My all time Favorites are David Tennant, Tom Baker, Christopher Eccleston (died too soon), and Jon Pertwee. Matt Smith is a fine actor but was given crap scripts from the start that kept feeding off the best Tennant episodes. Too many times they recycled "Blink", it was original, and should have been left alone. Matt did get to do one thing no other Doctor has ever done. He died of extreme old age. 

My father watched Doctor Who in the late 70's and started again in 2005 with me. One of my favorites is this argument between the Cyberman and the Dalek in "Doomsday". 


> Dalek Thay: Identify yourself!
> Cybermen: You will identify first!
> Dalek Thay: State you identity!
> Cybermen: You will identify first!
> ...



Well here is to looking ahead and hoping for more great episodes in the years ahead. Merry Christmas!


----------



## Baron (Nov 5, 2015)

Anyone else NOT caring for all these 2 part episodes we are getting this season? I started looking ahead on the titles and all of them are done in 2 parts. I ran back through the older seasons and I didn't like the old 2 part episodes either. I would really prefer they get back on the track.


----------



## Baron (Dec 8, 2015)

Now the season is done and over. The Christmas special will be out next. I will bump this thread with a question. But first let's take a quick look at the 2005-2015 companions;

Real Name - Nick Name - Side Kick(s) - Origin

Clara Oswald - The Impossible Girl - Danny Pink - Earth
Amy Pond - The Girl Who Waited - Rory Williams - Earth
Donna Noble - Doctor Donna - Wilfred Mott - Earth 
Martha Jones - (no nickname) - Earth
Rose Tyler - Bad Wolf - Mickey Smith - Captain Jack Harkness (aka Face of Bo) - All Earth

Some claim that just because Craig Owens or River Song made a couple of appearances they should be called companions. But River Song married the Doctor so she falls out of that category in my opinion. Craig never "ran away" with the Doctor so I cannot see defining him as a companion. Jack wanted to run off with the Doctor, but the he was scared of him. I am kind of worn out on the Doctor's companions. You will notice most all of them are females with male sidekicks, the biggest reason I am growing tired of them... They are all from EARTH. I believe the writers need to get a bit more creative.

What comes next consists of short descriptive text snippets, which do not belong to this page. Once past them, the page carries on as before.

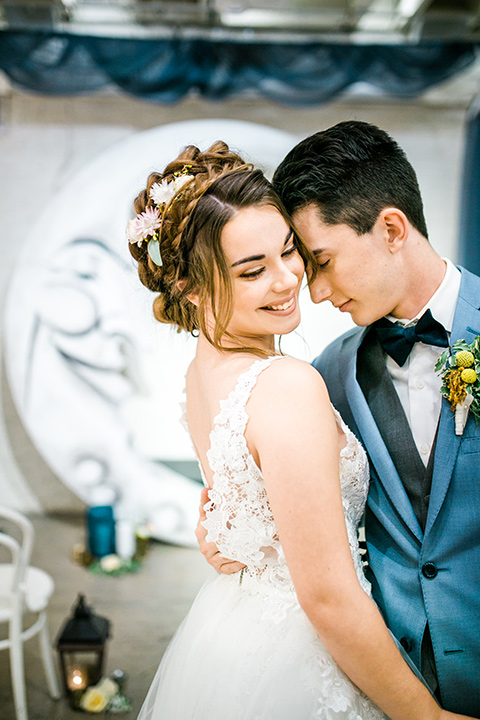 Wedding bride and groom touching heads at the ceremony in front of the wedding arch 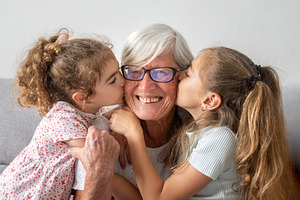 Granddaughters kissing their happy grandmother on the cheeks, a Person Photo by etorres69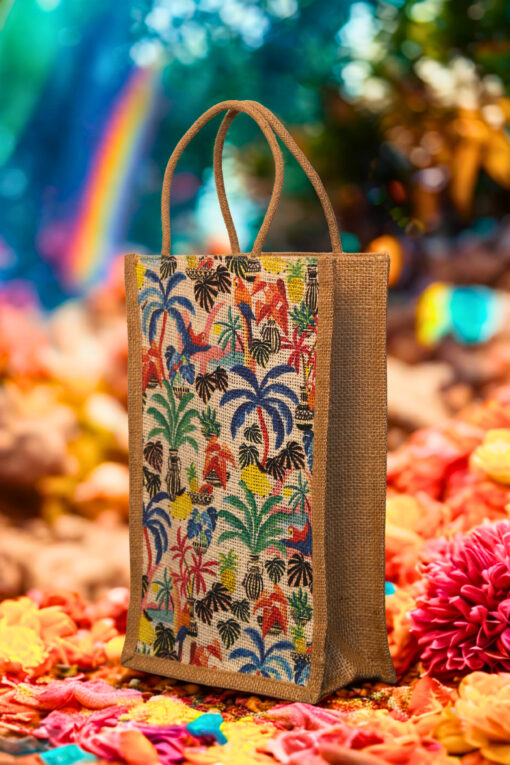 A medium-sized rectangular jute bag featuring a vibrant and detailed tropical print with palm trees, birds, and flowers.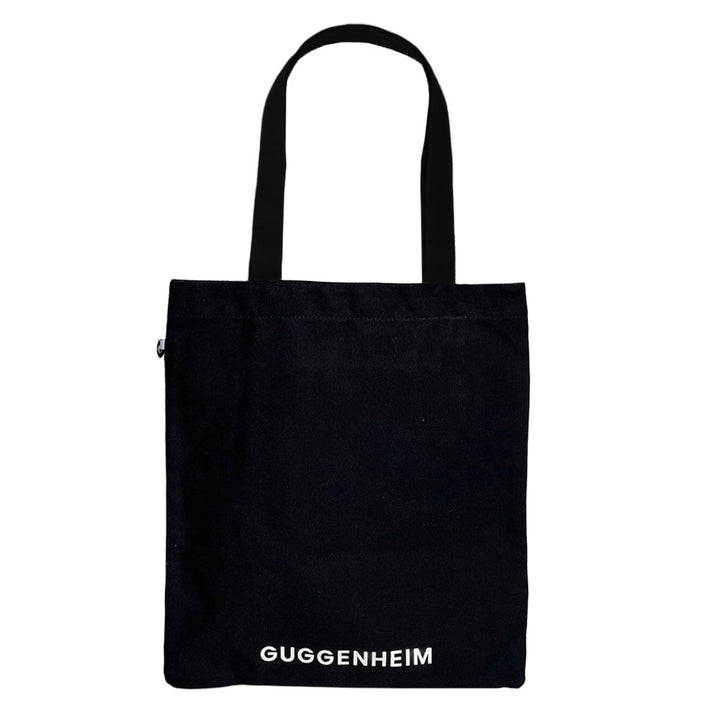 A black cotton tote with two handles, featuring "GRRRRRRRRRRR!!" in bold white letters near the bottom, inspired by Roy Lichtenstein's iconic style.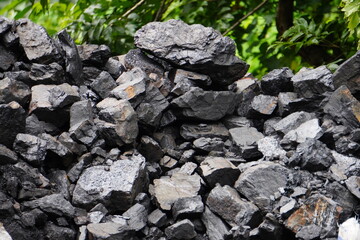 Natural wood charcoal piled up on the ground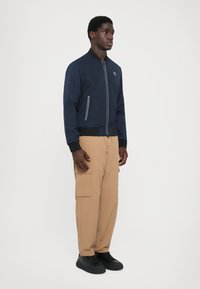 Casaco bomber azul-marinho com fecho de correr à frente, piping branco e punhos canelados, combinado com calças cargo de tom claro e sapatos pretos.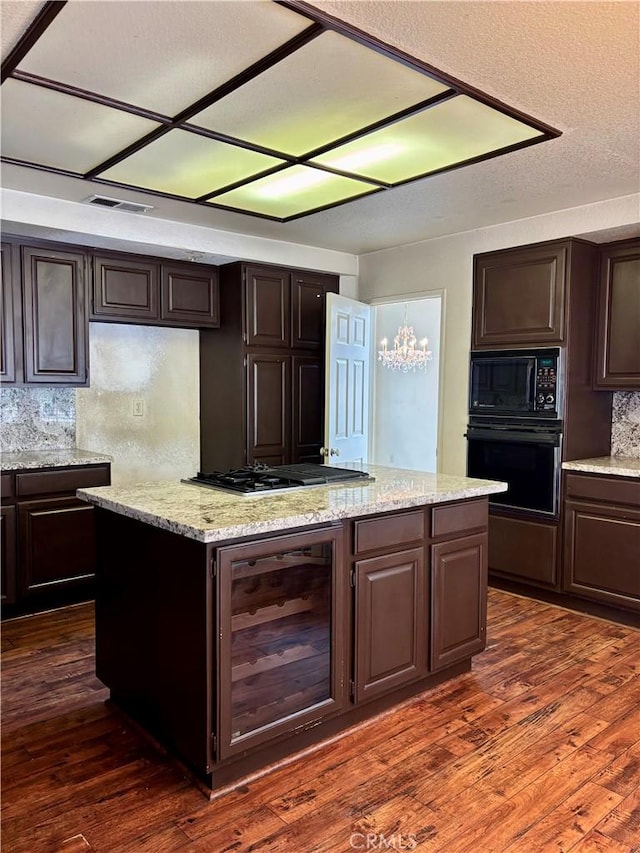 kitchen featuring black appliances, beverage cooler, a center island, dark brown cabinets, and dark wood-style flooring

The Doctor flies about in the TARDIS and has all of time and space to pick from. Prior to 2005 restart, the Doctor had 2 robotic dogs (K-9 Mark I and Mark II), a Time Lady Romana, Adric a young man from E-Space, and Leela a warrior maiden from an alien planet in the far future. 

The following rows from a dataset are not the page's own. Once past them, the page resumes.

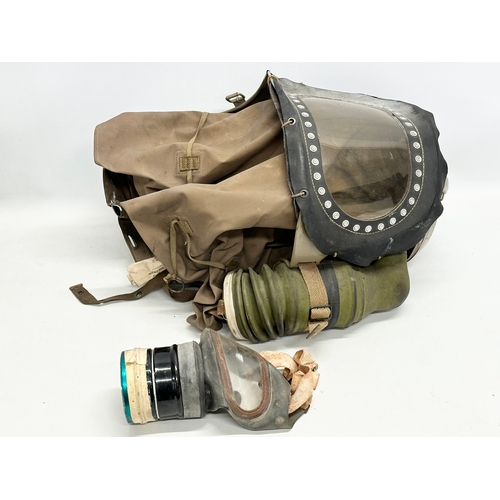 740 - A WWII baby’s gas mask and other. Dated 1939.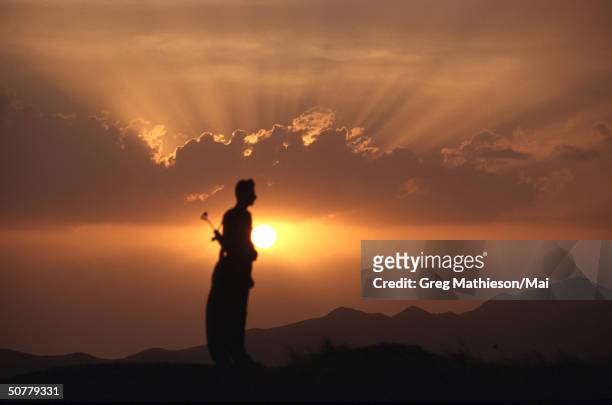 Kurdish peshmerga soldier standing atop a mountain overlooking Iraqi military postions, but within the protected area patroled by the US lead...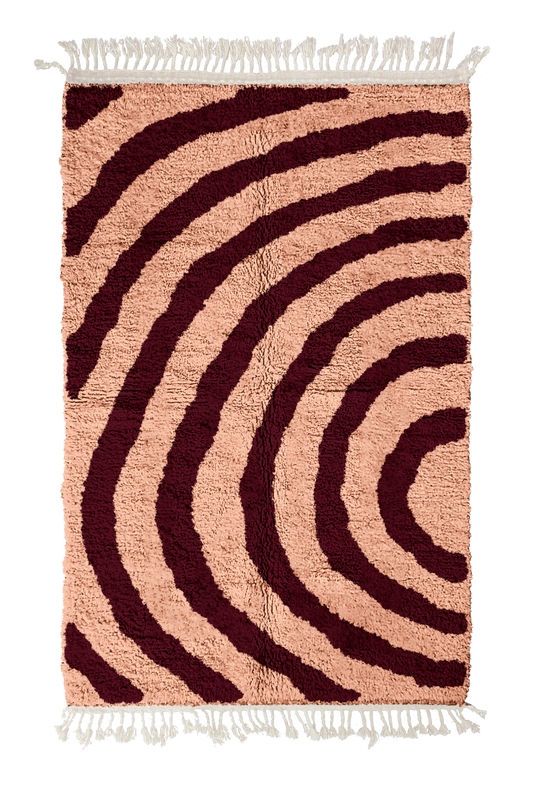 Arc Stride zebra stripe wool rug, oxblood red stripes on blush pink, full view from above with fringed ends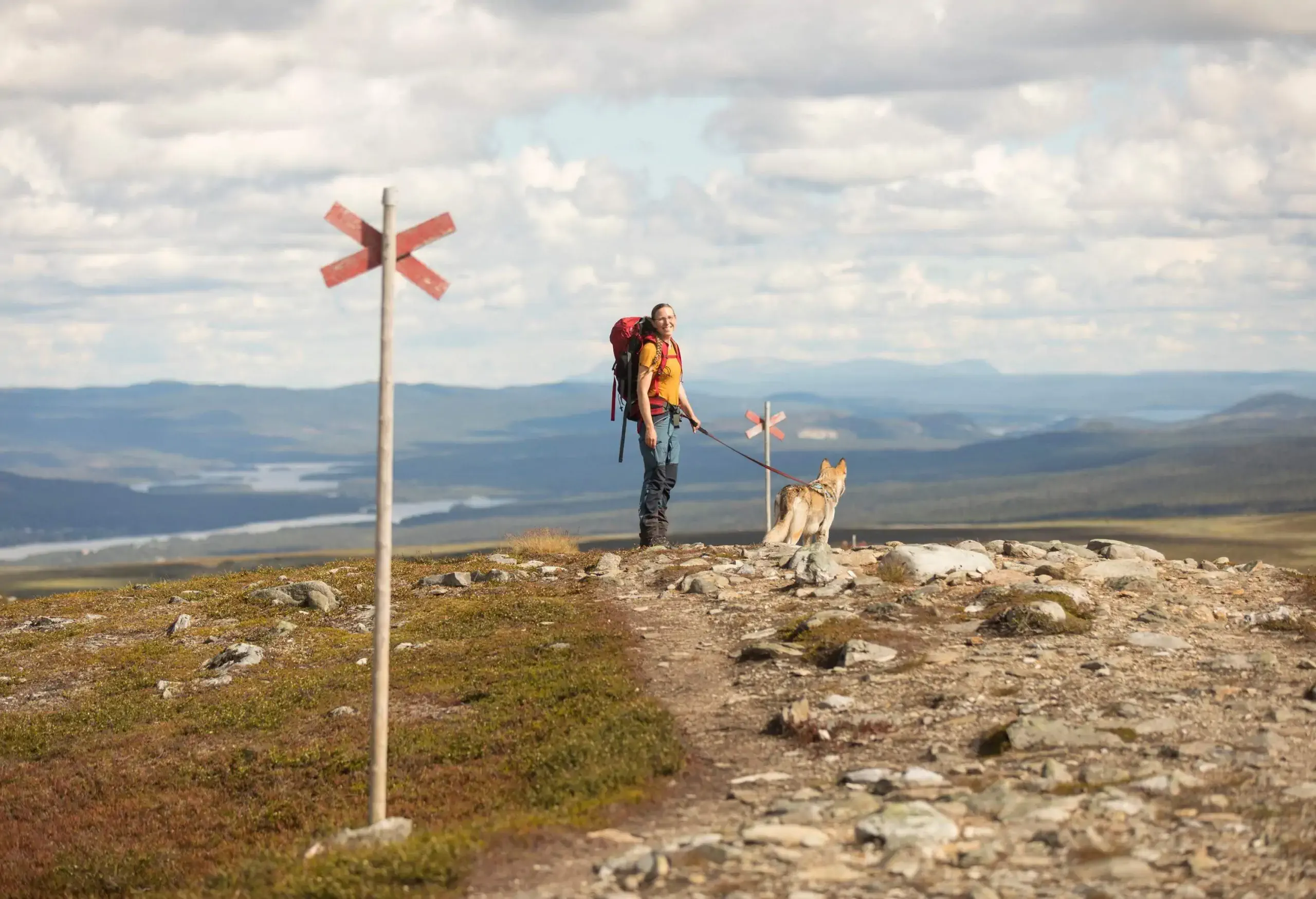 Woman wearing a backpack hiking with her dog on a mountain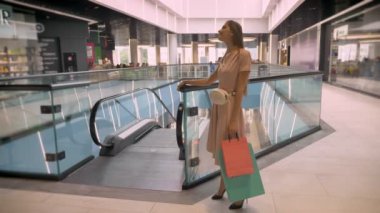 İzlerken kamera, dokunaklı saç, alışveriş kavramı, moda kavramı, çantalar, taşıyan genç çekici kızlar alışveriş merkezinde daimi kavramı flört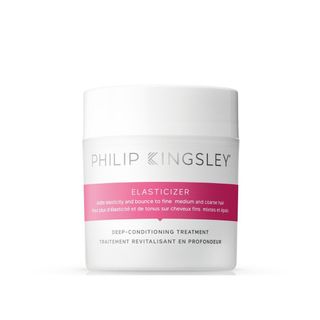 Philip Kingsley Elasticizer Deep-Conditioning Treatment in a white and pink jar.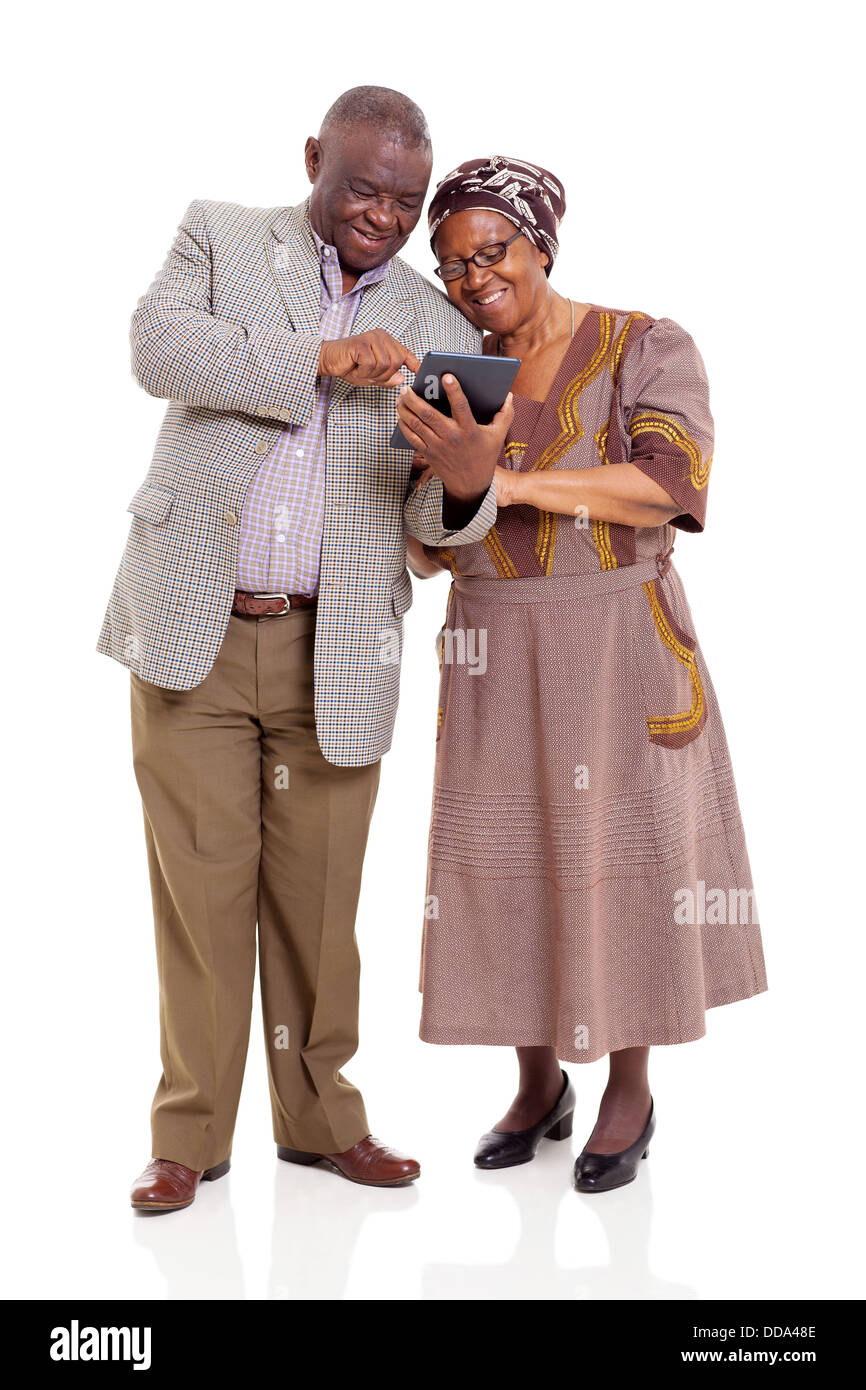 Old African couple using tablet computer isolated on white Banque D'Images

Calling ALL Whovians!! Question;
Who or what would you like to see as the Doctor's next companion?


----------



## Whiterabbitrage (Dec 8, 2015)

Well not another robotic dog! Those were so annoying. Would you want to see another robotic sidekick? I see what you are saying about earth sidekicks, but I prefer them. I get to live vicariously through them. Wouldn't you want to leave earth and go hangout with The Dr? But I see what you are saying about the sidekicks getting redundant.


----------



## MikeScone (Dec 12, 2015)

Was Captain Jack Harkness from Earth? I thought he was from some future colony planet (on which there was a "Boeshane Peninsula", the "Boe" of Face of Boe). 

I always liked Martha Jones - maybe the current Doctor can reconnect with her.


----------



## Baron (Dec 19, 2015)

I think the most annoying thing about K-9 is how they did his voice. But no, the robo dog has been done. I realize what a pain it is to have a companion in make up all the time. Take a look at Star Trek NG, Michael Dorn as Worf the klingon, went through six hours of prep time in make up. I don't believe the answer is another talking toaster or someone in a lizard suit. 

I just would like to see an alien companion who is unfamiliar with odd Earth customs. So when you have episodes on contemporary Earth they still maintain a sense of discovery.


----------



## Strax (Mar 8, 2016)

Best thread ever! 
One of my buns is named Stormageddon, and the other is Strax!


----------



## Alek (May 9, 2017)

I'm totally in love with Peter Capaldi. He's amazing! My favorite Doctor.
Tennant was a good Doctor too, as well as Eccleston. However, I really didn't like Matt Smith. I forced myself to watch most of his episodes so I could catch up for Capaldi's era. But I cant stand Matt Smith as an actor, or as the Doctor.


----------



## RavenousDragon (May 9, 2017)

I agree with Alek. Tennant was my favorite though- Capaldi and Baker (the first) are tied for second. I'm not caught up to the new season (dang school keeping me from watching TV) but that's my take.


----------